When people ask me what I am—which has happened for my whole life, and will, I’m sure, continue to happen—I tell them that I’m three-quarters Japanese. I imagine that most people, hearing this, will interpret it to mean that I identify with my Asian ancestry. In truth, though, what it means is that in my whole life I have met exactly one person who is like me in terms of race, and that is my brother.
I don’t know what race and culture mean to other people. I don’t know if anyone ever feels comfortable or at home. What I do know is that I don’t belong. The condescension at the Japanese market when I need help reading a label, the side-eye from the community-college language teacher when I call myself nihonjin instead of amerikajin, the insistence that I’m a “twinky” or “banana”—that is, yellow on the outside, white on the inside—these have had no less impact on my perception of myself than the wrinkled noses at the nori in my lunch in elementary school, the angry shouts to go back where I came from in middle school, being beaten and spit on in high school by people calling me a chink.
My mother likes to tell a story from my kindergarten year, perhaps the moment I learned about race. I had come home upset, asking why the other kids made slanty eyes at me. She tried to explain that I looked different from them, comparing my features and theirs in our class photo. “No, I don’t. I look like that,” I insisted, pointing to a blond-haired, blue-eyed boy. “I look like that, and I look like that, and I look like that.” I pointed to them all.
It is exhausting, feeling defensive both when white people complain about minorities and when people of color complain about white people. Feeling uncomfortable even calling myself a “person of color” when I’ve never been harassed by police or kept down by government policies; when my wife, my step-parents, and almost all of my friends are white; when I listen to white music, read white books, watch white television and movies. To constantly be questioning what parts of my heritage are mine to claim, and which I must accept being beyond my reach. To know that, even now, I will always feel on the outside of any group, no matter how much welcome they extend to me, because part of me will never believe someone won’t take it back, the way someone always did when I tried to be white or Asian.
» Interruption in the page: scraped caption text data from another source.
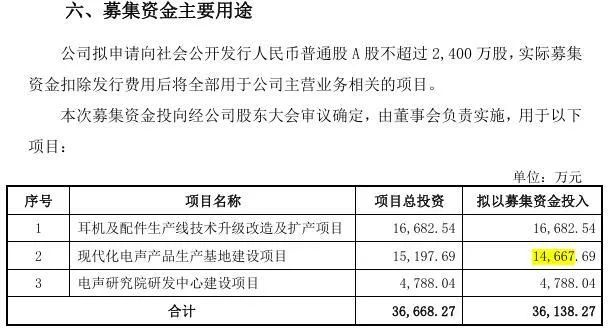 图片来源：朝阳科技招股书截图
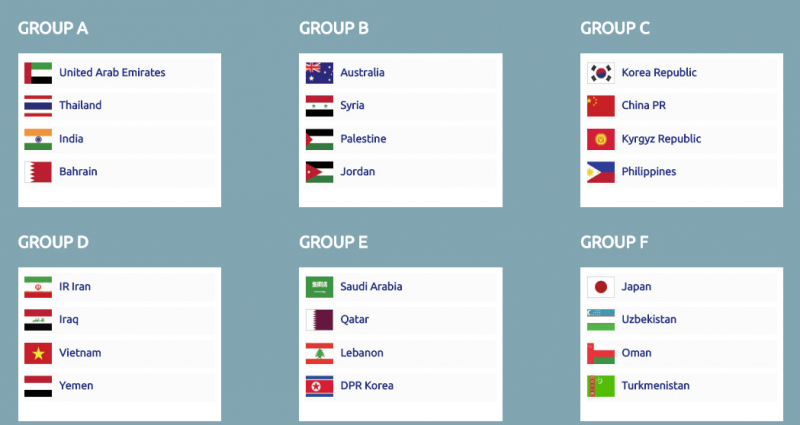 ket-qua-boc-tham-asian-cup-2019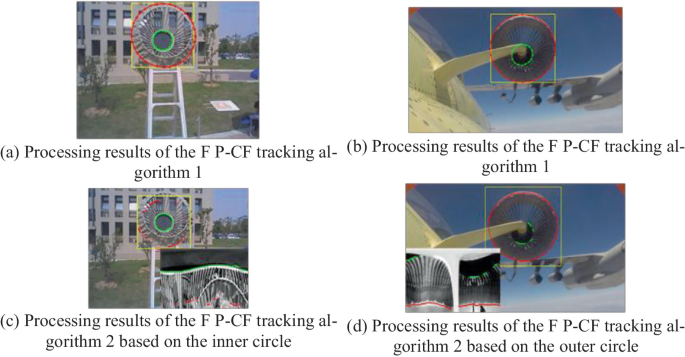A Scale Adaptive Tracking Algorithm Based on Feature Point Fitting ...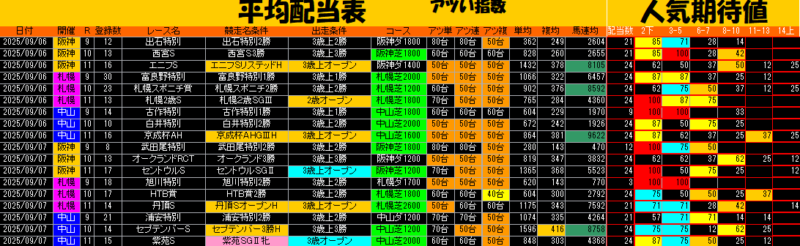 平均配当表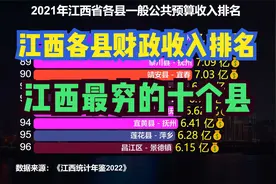 2021江西100个县财政收入排行榜，无一县超100亿，33地不足10亿视频封面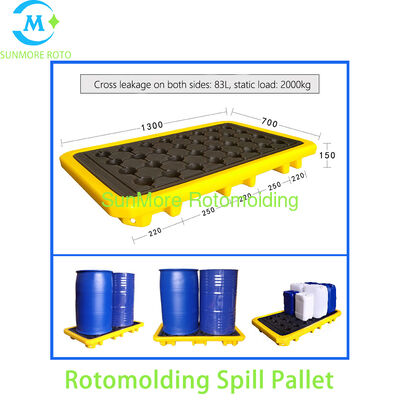 ซื้อ แม่พิมพ์พาเลทบรรจุสารหกรั่วไหลแบบ Rotomolded HDPE 83L ความจุสูงพร้อมการออกแบบการรั่วไหลแบบข้าม การผลิตออนไลน์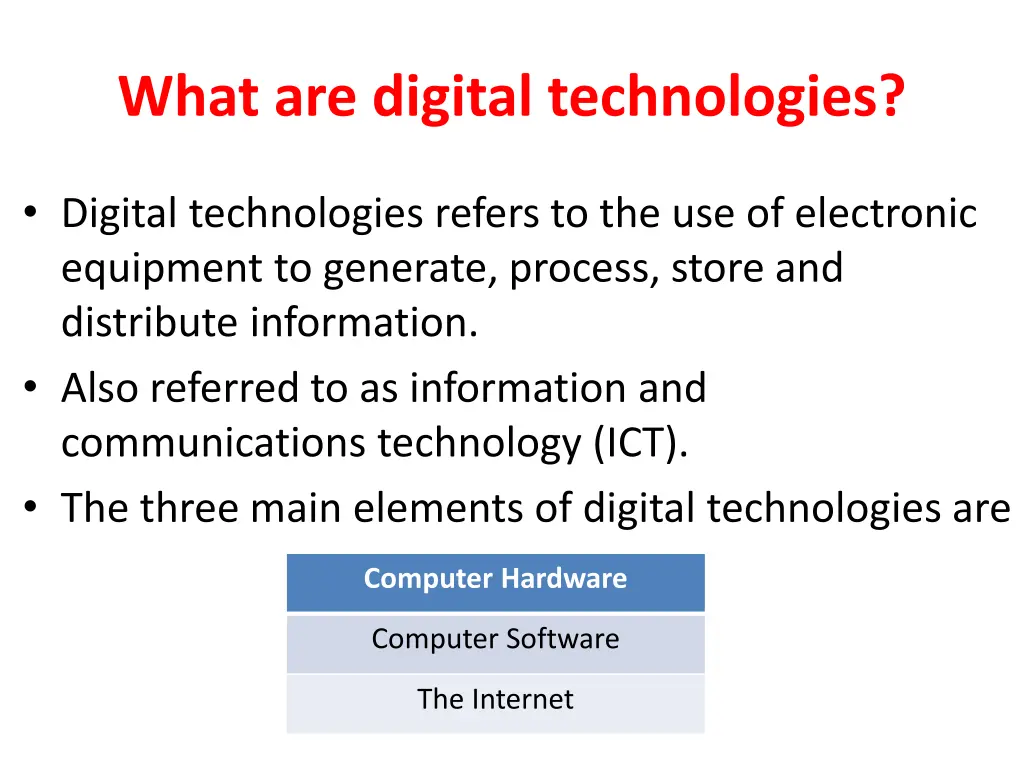 what are digital technologies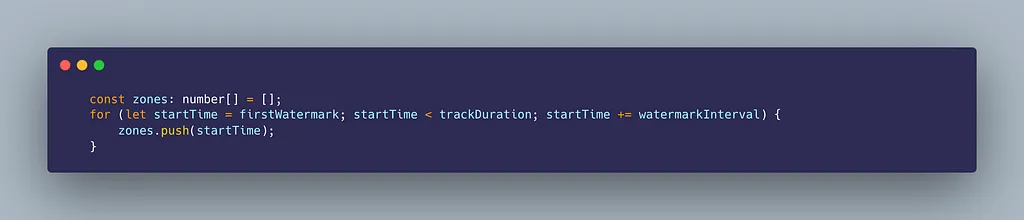 Audio timeline split into watermark zones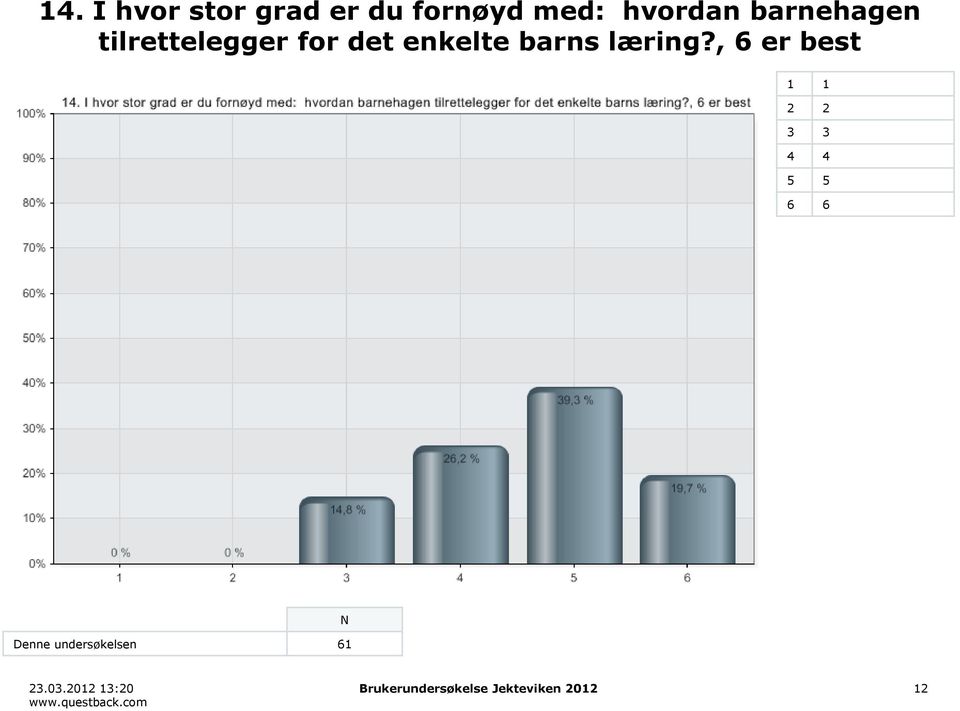 enkelte barns læring?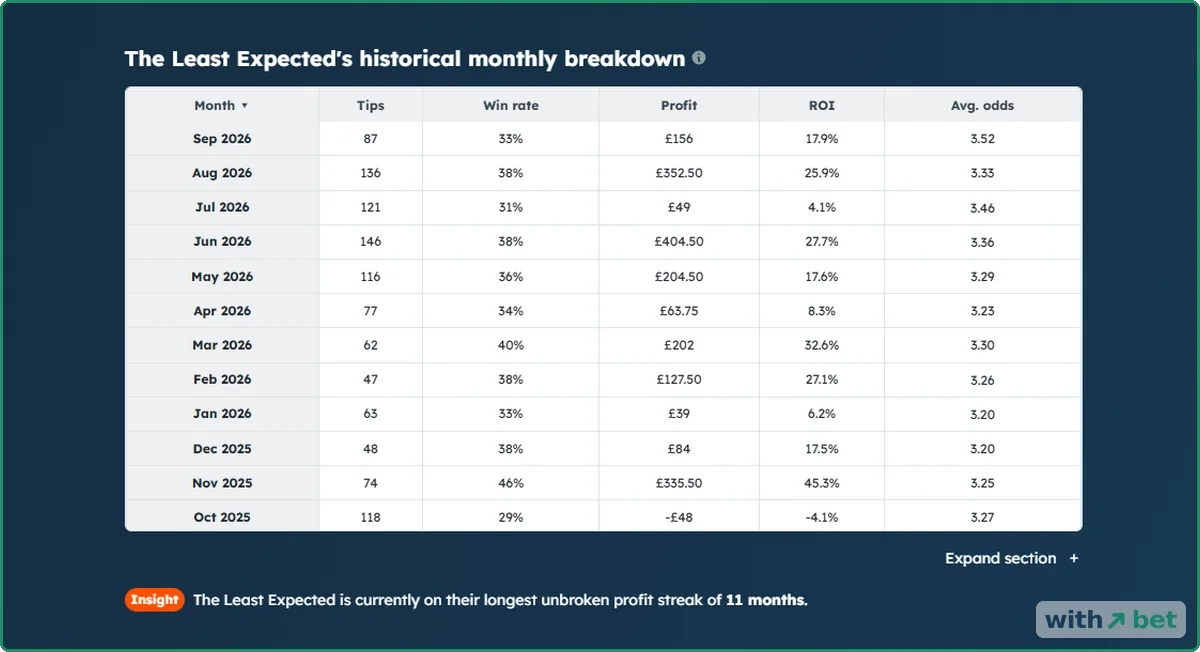 Tipstrr tipster monthly breakdown table with tips, win rate, profit, ROI and average odds for each month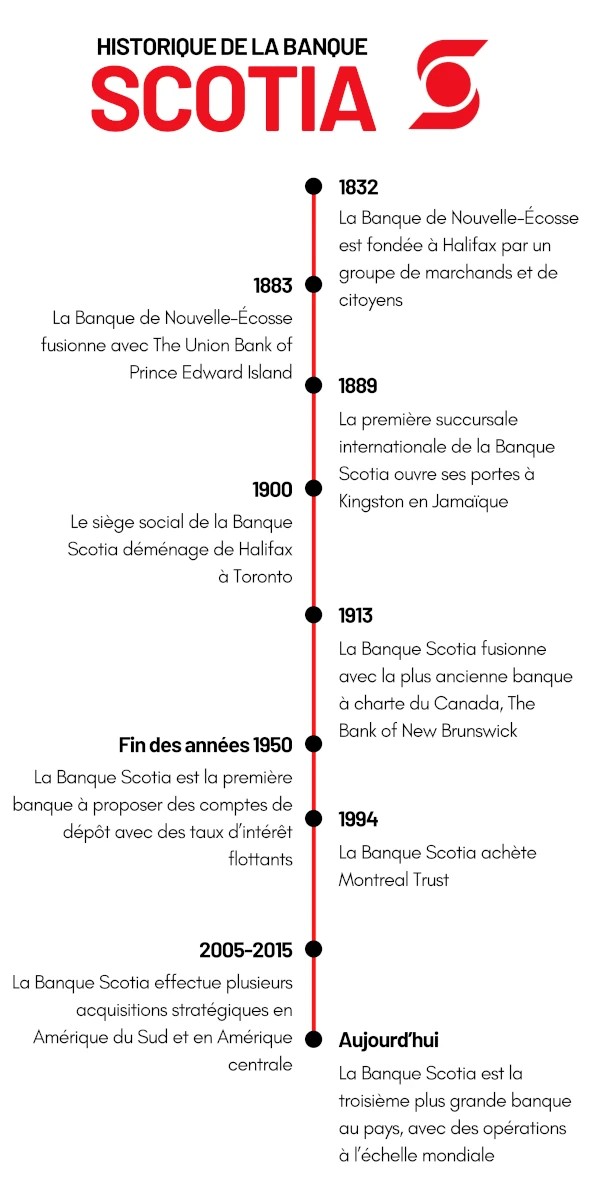 Historique de la Banque Scotia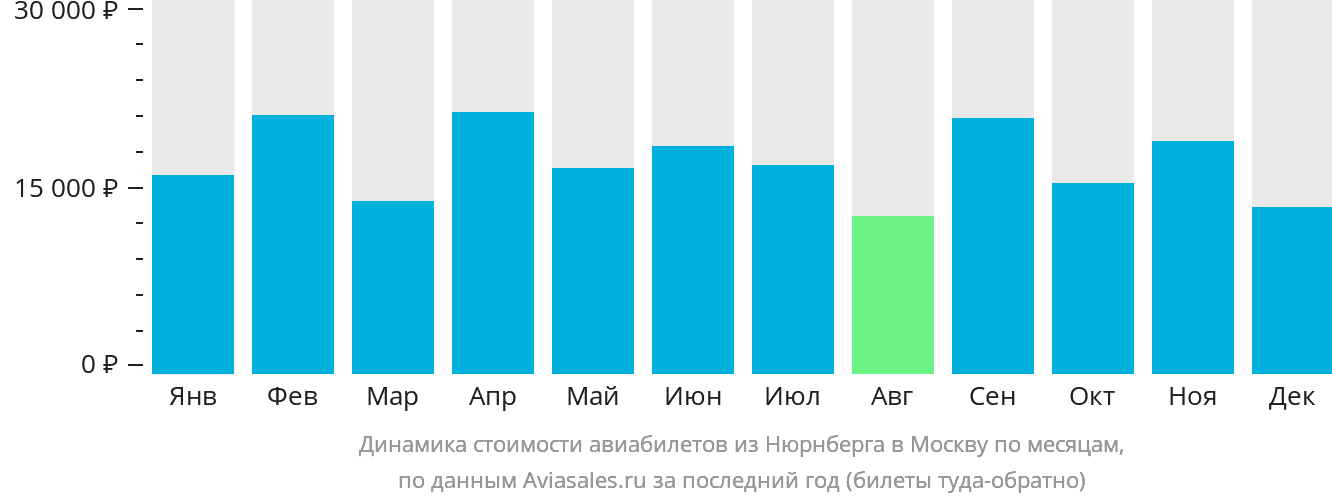 Динамика стоимости авиабилетов из Нюрнберга в Москву по месяцам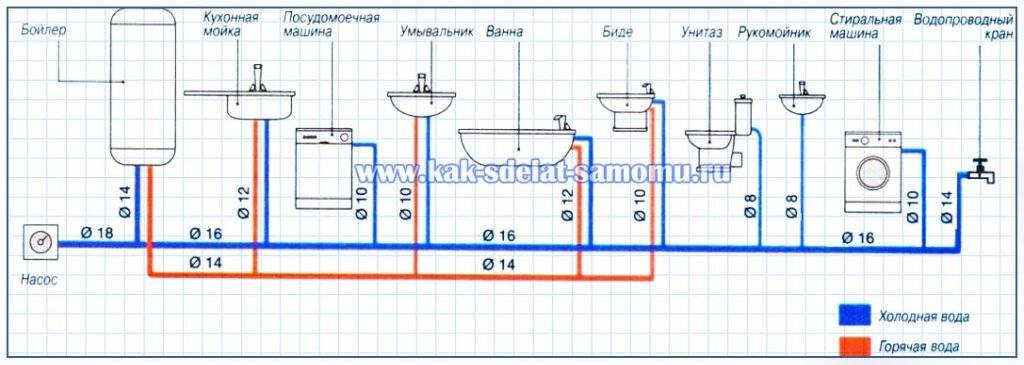 Как выбрать диаметр труб для водопровода? как провести расчет?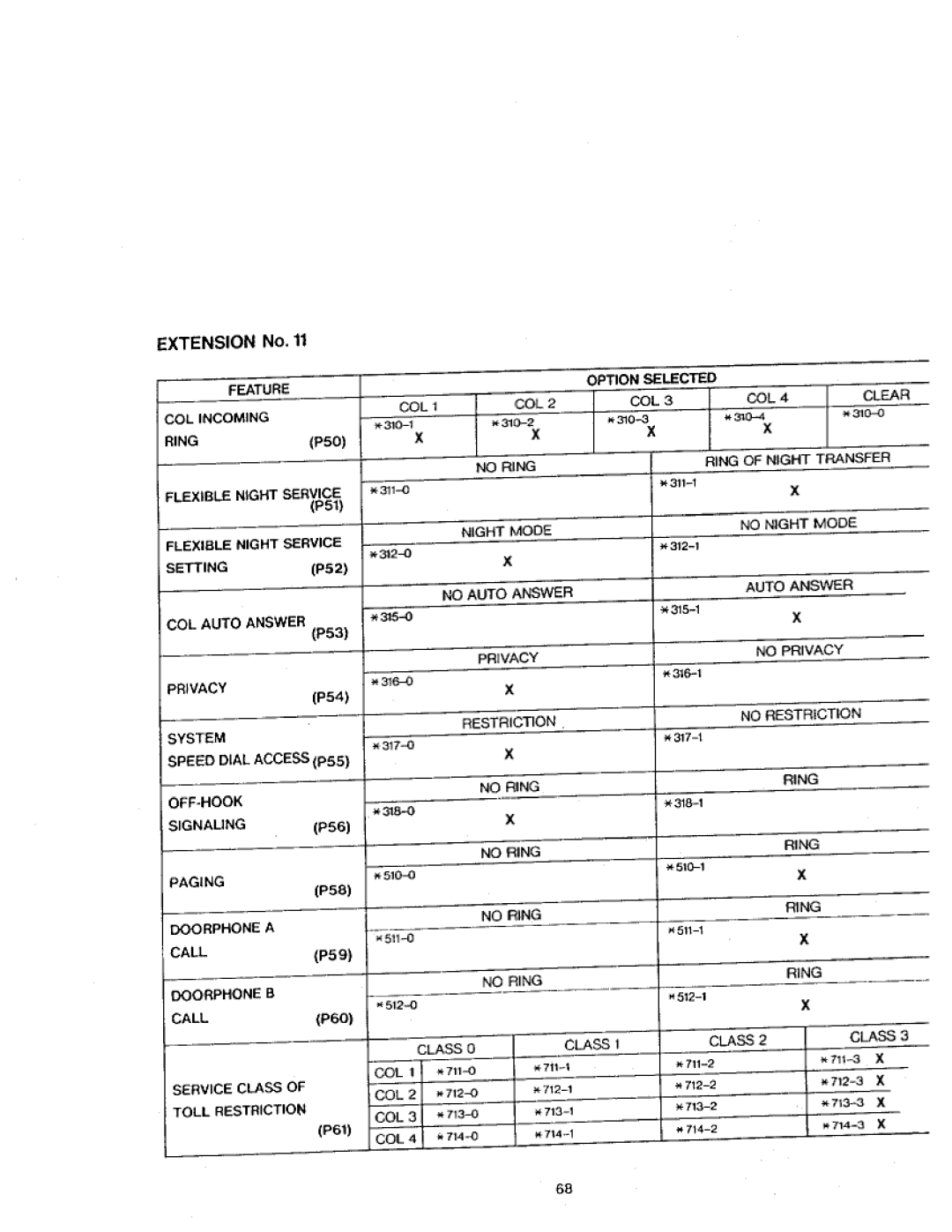 Panasonic VA-412 manual 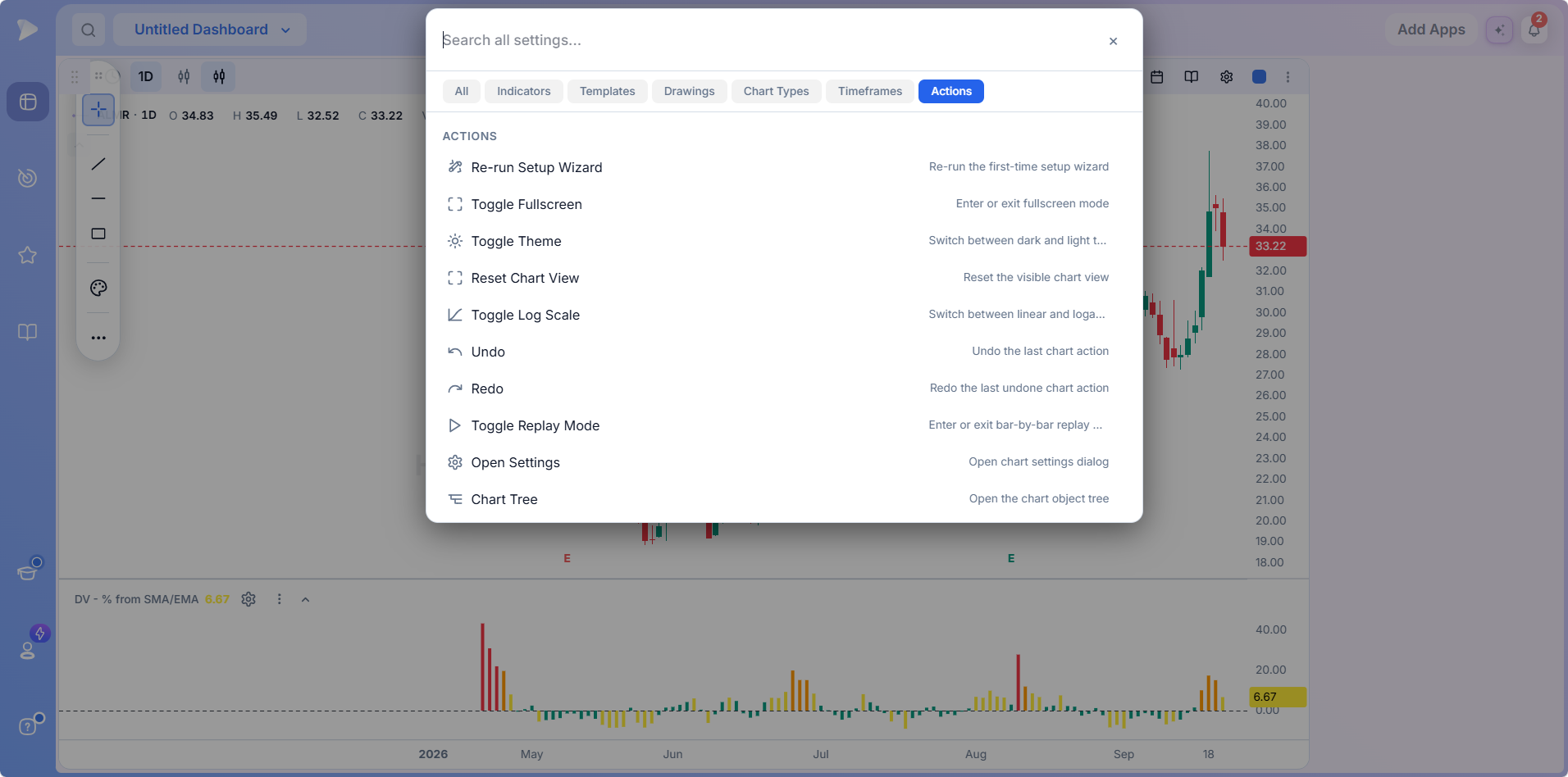 The Actions tab of the chart search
Was Rachel Dolezal entitled to take the identity she took? I don’t know her history, her culture, her circumstances, but I feel in my heart that what she did was wrong. And it frustrates me because it has provided so much opportunity for other people to dismiss and mock the alienation I have always felt.
Was I born the wrong race? No, I was born the way I am, and the way I look is part of how I feel. I wouldn’t want to claim whiteness even if I were allowed to, not if it meant turning my back on being Japanese. I’m both, even if in so many ways I’m neither.
I don’t know if inclusion and representation are important in the grand scheme of things. I don’t know if the pain and isolation I’ve felt ought to matter to anyone but me. But if the past few weeks have taught me anything, if I’ve learned anything in all the responses I’ve read to this stupid, messy racial controversy, it’s that I’m not the only one who feels the way I do. I don’t know if I have a community of my own, but I am not alone. And if you recognize any of my experiences in your own, you’re not alone either.